Дорогой Дедушка Мороз! Я была хорошей девочкой весь год… хм, ну почти весь год… хм… ну иногда… хм… ну пару раз-то была… Ой ладно, сама всё куплю!
Клиентка – папина дочь, такая же амбициозная. Таким был и ее муж, таков и ее бойфренд.
Мы с приятелем не спеша едем на лошадях в дальнюю поездку по замерзшей разбитой дороге. Он жалуется мне, что мы попали в группу, которая едет на лошадях, а другая часть едет с комфортом в карете. Он раздражает меня тем, что жалуется на несправедливость распределения, так как якобы имеет право на карету, а случайно попал к простым смертным. То, что он сам из простых, это выбор Бога, против его воли не попрешь. Чтобы не портить отношения, я подавляю свое раздражение – нам предстоит долгий путь.

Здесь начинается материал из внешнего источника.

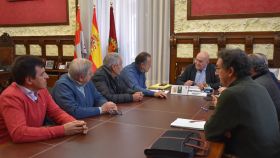 La Plataforma por el Soterramiento se reúne con el alcalde de Valladolid, Jesús Julio Carnero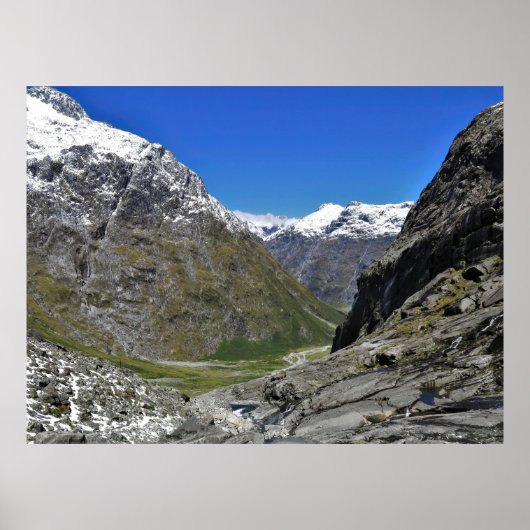 Gertrude Valley Poster (Vorne)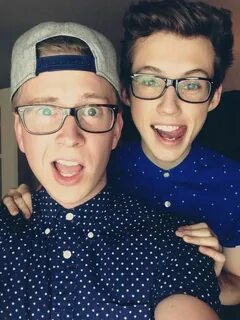 troye sivan and tyler oakley - Google Search Troyler, Tyler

Клиентка решила поговорить с бойфрендом о своей терапии, объяснила, зачем она ей нужна. Он в психотерапию не верит, это словоблудие. Их отношения не склеиваются.
Я заселяюсь в дешевую провинциальную гостиницу. Это пятиэтажка из белого силикатного кирпича. Проверяю санузел, там дешевая белая плитка. В номере стоят рядом две узкие кровати. На одной лежит девушка с красивым лицом, она в своих мыслях, мы даже не здороваемся. На тумбочке конь терракотового цвета. Это прибор для увлажнения воздуха. Я думаю, что конь керамический, старинный, иностранного производства. Вдруг из него слышится хлопок, из боков вырывается пар. Конь телепатически разговаривает со мной. Я слышу в голове голос друга, которого я искала всю жизнь. Он говорит что-то очень душевное, утешительное, мне становится очень хорошо. Раздается второй хлопок, у коня разрывается морда, из щек вырывается пар. Видны свернутые в трубочку предсказания. Я горько плачу: он сделан из дешевого пластика. Третий взрыв он не выдержит. Заклеить скотчем не поможет. Ищу замазку. Девушка села загорать на подоконник, свесила ноги наружу. Консьержка орет снизу, чтобы та слезла. Консьержка из моего дома, очень деловая и общительная. Я таких людей не очень воспринимаю. Я думаю, что она же не собирается падать. А консьержка боится, что ее будут ругать за несчастный случай в гостинице. Я иду открывать дверь, она изнутри закрывается на маленький хлипкий черный шпингалетик, а снаружи – на ключ. Я переживаю, что могу потерять эту лошадь, единственного друга.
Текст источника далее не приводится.